A creamy chicken and vegetable filling topped with golden Red Lobster-style biscuits, perfect for cozy weeknight dinners.
Prep Time 20 minutes
Cook Time 25 minutes
Total Time 45 minutes
Servings: 6 servings
Course: Comfort Food, Dinner
Cuisine: American
Calories: 450

Ingredients
  

Chicken Filling
  • 2 cups cooked chicken shredded
  • 1 cup frozen peas and carrots
  • 1/2 cup corn kernels
  • 1 small onion finely chopped
  • 2 cloves garlic minced
  • 1/4 cup unsalted butter
  • 1/4 cup all-purpose flour
  • 2 cups whole milk
  • 1/2 tsp salt
  • 1/4 tsp black pepper
  • 1/2 tsp dried thyme
  • 1/4 tsp paprika
Biscuits
  • 2 cups all-purpose flour
  • 1 tbsp baking powder
  • 1/2 tsp salt
  • 1/2 cup unsalted butter cold, cubed
  • 3/4 cup milk

Equipment

  • Mixing bowls
  • Skillet
  • Baking dish
  • Whisk

Method
 

  1. In a large skillet, melt butter over medium heat. Add onions and garlic; sauté until translucent.
  2. Stir in flour, whisking constantly for 1–2 minutes to form a roux.
  3. Slowly pour in milk while whisking to prevent lumps. Cook until thickened.
  4. Add chicken, peas, carrots, corn, salt, pepper, thyme, and paprika. Stir to combine.
  5. Preheat oven to 400°F (200°C).
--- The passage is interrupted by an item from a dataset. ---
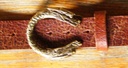 HYDRA, 4cm, messingfarbene Schließe,,Schnalle Schlangen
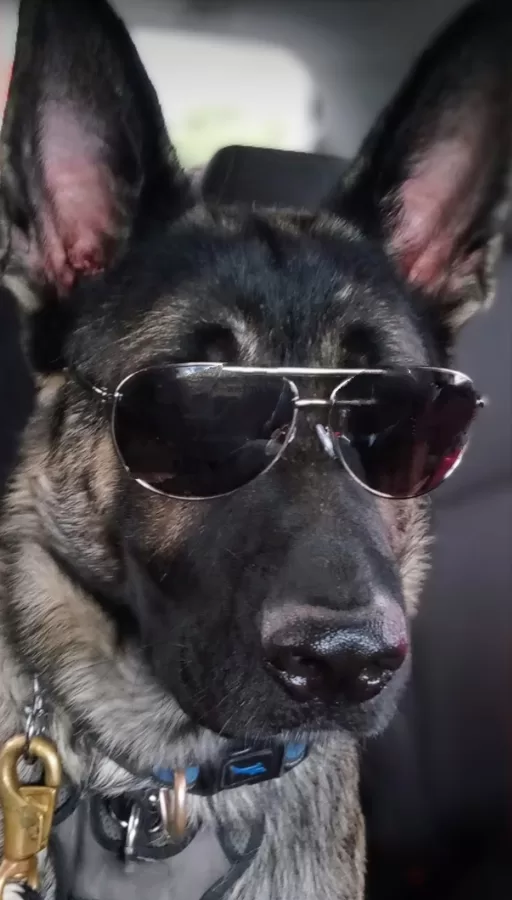 Our mascot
Prepare biscuit dough by mixing flour, baking powder, and salt, cut in butter, and stir in milk.
  6. Drop biscuit dough over chicken filling in a baking dish.
  7. Bake for 20–25 minutes until biscuits are golden and cooked through.
  8. Remove from oven, let rest 5 minutes, garnish with parsley, and serve.

Notes

Leftovers can be stored in the fridge for 3 days. Freeze for up to 2 months before baking.